MPI

Usage

use MPI;

or

import MPI;

Submodules

MPI Bindings for Chapel.

Note

This is a prototype of the MPI interface for Chapel. The feature set, configuration support, and documentation are expected to improve over time.

MPI Version

This module implements the C-API for the MPI 1.1 standard. It currently does not support the following routines

MPI_Op_create
MPI_Op_free
MPI_Errhandler_create
MPI_Errhandler_free
MPI_Keyval_create
MPI_Keyval_free

since all of these are built around user-defined handlers, that is not supported.

This module also includes a few functions that are in later MPI standards. These are

MPI_Init_thread (and related constants)
MPI_Ibarrier

Compiler wrappers

Using MPI requires pointing the compiler to the location of the MPI headers, and including the appropriate MPI libraries. This is often done by using compiler wrappers like “mpicc”. Setting CHPL_TARGET_COMPILER=mpi-gnu and CHPL_TARGET_CPU=none will get Chapel to use mpicc and assume that it works like gcc does.

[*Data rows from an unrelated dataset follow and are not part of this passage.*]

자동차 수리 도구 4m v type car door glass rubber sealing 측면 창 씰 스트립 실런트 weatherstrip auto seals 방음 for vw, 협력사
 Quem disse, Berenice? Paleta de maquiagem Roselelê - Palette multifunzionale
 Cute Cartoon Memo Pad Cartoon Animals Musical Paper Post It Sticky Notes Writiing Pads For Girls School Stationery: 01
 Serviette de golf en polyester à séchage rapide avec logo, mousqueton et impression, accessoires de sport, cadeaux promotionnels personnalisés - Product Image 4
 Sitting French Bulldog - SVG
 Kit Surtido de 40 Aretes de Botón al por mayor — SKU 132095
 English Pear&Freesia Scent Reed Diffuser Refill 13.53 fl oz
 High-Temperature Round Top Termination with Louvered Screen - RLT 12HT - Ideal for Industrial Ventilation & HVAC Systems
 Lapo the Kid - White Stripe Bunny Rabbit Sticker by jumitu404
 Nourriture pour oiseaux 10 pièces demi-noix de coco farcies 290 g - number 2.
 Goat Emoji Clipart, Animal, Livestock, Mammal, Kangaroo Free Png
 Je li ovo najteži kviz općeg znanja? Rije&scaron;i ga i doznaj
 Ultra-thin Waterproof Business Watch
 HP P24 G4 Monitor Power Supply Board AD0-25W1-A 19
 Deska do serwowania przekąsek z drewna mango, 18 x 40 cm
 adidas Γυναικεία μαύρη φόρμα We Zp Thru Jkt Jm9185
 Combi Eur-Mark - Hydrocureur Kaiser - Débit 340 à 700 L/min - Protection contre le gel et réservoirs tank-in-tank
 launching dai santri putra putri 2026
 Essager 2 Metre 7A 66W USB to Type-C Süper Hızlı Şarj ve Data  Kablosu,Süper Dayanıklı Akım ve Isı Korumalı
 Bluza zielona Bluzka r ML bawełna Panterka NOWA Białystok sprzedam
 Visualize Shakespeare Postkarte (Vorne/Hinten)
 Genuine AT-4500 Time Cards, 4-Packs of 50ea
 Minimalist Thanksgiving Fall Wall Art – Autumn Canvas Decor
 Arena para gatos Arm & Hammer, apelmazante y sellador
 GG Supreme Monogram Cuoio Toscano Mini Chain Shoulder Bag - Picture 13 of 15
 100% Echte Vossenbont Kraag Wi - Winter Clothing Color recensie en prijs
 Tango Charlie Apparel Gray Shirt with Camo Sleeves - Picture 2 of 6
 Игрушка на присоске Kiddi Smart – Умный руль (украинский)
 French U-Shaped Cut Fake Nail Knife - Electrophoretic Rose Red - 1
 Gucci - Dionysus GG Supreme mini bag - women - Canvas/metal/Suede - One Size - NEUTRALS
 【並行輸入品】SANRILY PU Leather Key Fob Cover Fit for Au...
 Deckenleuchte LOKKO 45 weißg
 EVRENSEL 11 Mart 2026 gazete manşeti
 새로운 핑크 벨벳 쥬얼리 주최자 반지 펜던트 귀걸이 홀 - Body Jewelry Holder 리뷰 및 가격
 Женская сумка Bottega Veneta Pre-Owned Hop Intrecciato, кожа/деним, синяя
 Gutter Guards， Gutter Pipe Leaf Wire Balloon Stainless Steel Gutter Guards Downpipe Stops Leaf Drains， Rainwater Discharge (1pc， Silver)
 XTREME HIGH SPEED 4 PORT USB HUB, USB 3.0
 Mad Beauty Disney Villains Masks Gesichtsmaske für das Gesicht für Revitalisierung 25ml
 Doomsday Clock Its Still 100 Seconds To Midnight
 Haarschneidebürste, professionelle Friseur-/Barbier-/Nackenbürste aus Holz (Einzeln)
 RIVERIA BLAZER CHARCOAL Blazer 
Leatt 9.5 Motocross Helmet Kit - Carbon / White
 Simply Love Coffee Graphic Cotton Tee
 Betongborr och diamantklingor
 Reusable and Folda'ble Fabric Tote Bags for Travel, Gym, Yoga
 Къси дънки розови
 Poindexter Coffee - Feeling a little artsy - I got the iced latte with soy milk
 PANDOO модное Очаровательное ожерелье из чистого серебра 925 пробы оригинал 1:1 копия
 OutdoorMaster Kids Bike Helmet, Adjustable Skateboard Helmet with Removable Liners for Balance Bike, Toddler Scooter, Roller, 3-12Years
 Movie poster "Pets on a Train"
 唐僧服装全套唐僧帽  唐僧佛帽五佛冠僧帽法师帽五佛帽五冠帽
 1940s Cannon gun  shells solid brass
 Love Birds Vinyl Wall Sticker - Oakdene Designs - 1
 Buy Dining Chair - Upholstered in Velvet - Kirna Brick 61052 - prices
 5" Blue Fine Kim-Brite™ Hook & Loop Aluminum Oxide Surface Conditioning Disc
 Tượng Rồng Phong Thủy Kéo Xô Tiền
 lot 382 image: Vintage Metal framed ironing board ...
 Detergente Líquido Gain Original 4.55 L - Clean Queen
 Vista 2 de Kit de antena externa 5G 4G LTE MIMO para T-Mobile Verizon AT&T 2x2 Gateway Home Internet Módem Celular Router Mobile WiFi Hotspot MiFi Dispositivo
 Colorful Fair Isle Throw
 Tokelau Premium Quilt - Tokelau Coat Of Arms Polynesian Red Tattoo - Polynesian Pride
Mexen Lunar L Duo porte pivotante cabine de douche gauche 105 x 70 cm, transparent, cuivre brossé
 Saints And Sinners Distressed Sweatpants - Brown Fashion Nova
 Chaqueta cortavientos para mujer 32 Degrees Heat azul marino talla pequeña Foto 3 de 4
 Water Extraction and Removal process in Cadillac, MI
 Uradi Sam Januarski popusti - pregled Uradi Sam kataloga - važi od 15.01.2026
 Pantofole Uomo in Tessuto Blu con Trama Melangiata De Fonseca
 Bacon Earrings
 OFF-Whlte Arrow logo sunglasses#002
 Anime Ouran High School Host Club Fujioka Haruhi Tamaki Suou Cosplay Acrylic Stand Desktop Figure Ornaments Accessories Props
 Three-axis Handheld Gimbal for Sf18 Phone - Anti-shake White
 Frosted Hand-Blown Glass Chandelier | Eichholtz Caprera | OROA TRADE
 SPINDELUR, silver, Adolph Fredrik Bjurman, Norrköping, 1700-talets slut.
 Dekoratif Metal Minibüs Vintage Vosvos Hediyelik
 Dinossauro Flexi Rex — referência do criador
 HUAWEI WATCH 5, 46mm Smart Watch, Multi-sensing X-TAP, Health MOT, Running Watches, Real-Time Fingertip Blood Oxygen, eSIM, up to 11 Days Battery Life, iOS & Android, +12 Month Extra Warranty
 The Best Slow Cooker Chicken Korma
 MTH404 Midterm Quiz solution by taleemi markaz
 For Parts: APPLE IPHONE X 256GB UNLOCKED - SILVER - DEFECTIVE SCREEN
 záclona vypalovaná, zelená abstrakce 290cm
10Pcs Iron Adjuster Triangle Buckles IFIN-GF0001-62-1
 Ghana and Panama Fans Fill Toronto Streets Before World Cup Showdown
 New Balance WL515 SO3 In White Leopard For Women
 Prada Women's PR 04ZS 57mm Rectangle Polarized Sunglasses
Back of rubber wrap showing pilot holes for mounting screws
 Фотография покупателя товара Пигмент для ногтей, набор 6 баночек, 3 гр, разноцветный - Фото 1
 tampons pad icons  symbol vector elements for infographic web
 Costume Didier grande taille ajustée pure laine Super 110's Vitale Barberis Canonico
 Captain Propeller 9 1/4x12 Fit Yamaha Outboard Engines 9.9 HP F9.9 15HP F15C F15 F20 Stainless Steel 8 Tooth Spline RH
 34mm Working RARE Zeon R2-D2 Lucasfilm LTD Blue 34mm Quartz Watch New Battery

Note that on Cray systems, this is not necessary, since the default compilers include the necessary MPI information.

Note

Currently, only the gnu compilers wrapped by MPI are supported. This class is expected to broaden in the future.

Interoperability Modes

There are two modes in which Chapel and MPI can interoperate with one another:

SPMD Mode

SPMD mode (MPI + single locale Chapel) has no constraints on the setup of Chapel and MPI, and is conceptually the same as OpenMP+MPI programming. All communication here is handled by MPI; Chapel is just used to provide local parallelism. Furthermore, in this mode, Chapel locales do not map to MPI ranks at all; the program just sees a single locale. Note that the same caveats that apply to OpenMP+MPI programming apply here. For instance, MPI must be initialized with the appropriate thread support (see below).

Setting up SPMD mode on a Cray:

The recommended configuration for running multilocale MPI jobs on a Cray is as follows:

CHPL_TARGET_COMPILER=cray-prgenv-gnu
CHPL_TASKS=fifo
CHPL_COMM=none
MPICH_MAX_THREAD_SAFETY=multiple

These are the configurations in which this module is currently tested.

Note

Currently, running SPMD jobs on a Cray requires manually launching the jobs, as opposed to utilizing a built in Chapel launcher. Support for launching SPMD jobs with the built-in Chapel launchers will be added in the future.

Multilocale Mode

Multilocale mode is where both Chapel and MPI communications may be mixed. This allows the user to use optimized/convenient MPI routines when desired, while having access to the Chapel PGAS model. Using this model requires

  1. The MPI library should (and in many cases must) support the MPI_THREAD_MULTIPLE support level for threads. This is needed if the user plans on making MPI calls from multiple threads. It is necessary when using the mpi-conduit for GASNet, since the GASNet library may make simultaneous MPI calls. We’ve had good experience with MPICH and MPI_THREAD_MULTIPLE.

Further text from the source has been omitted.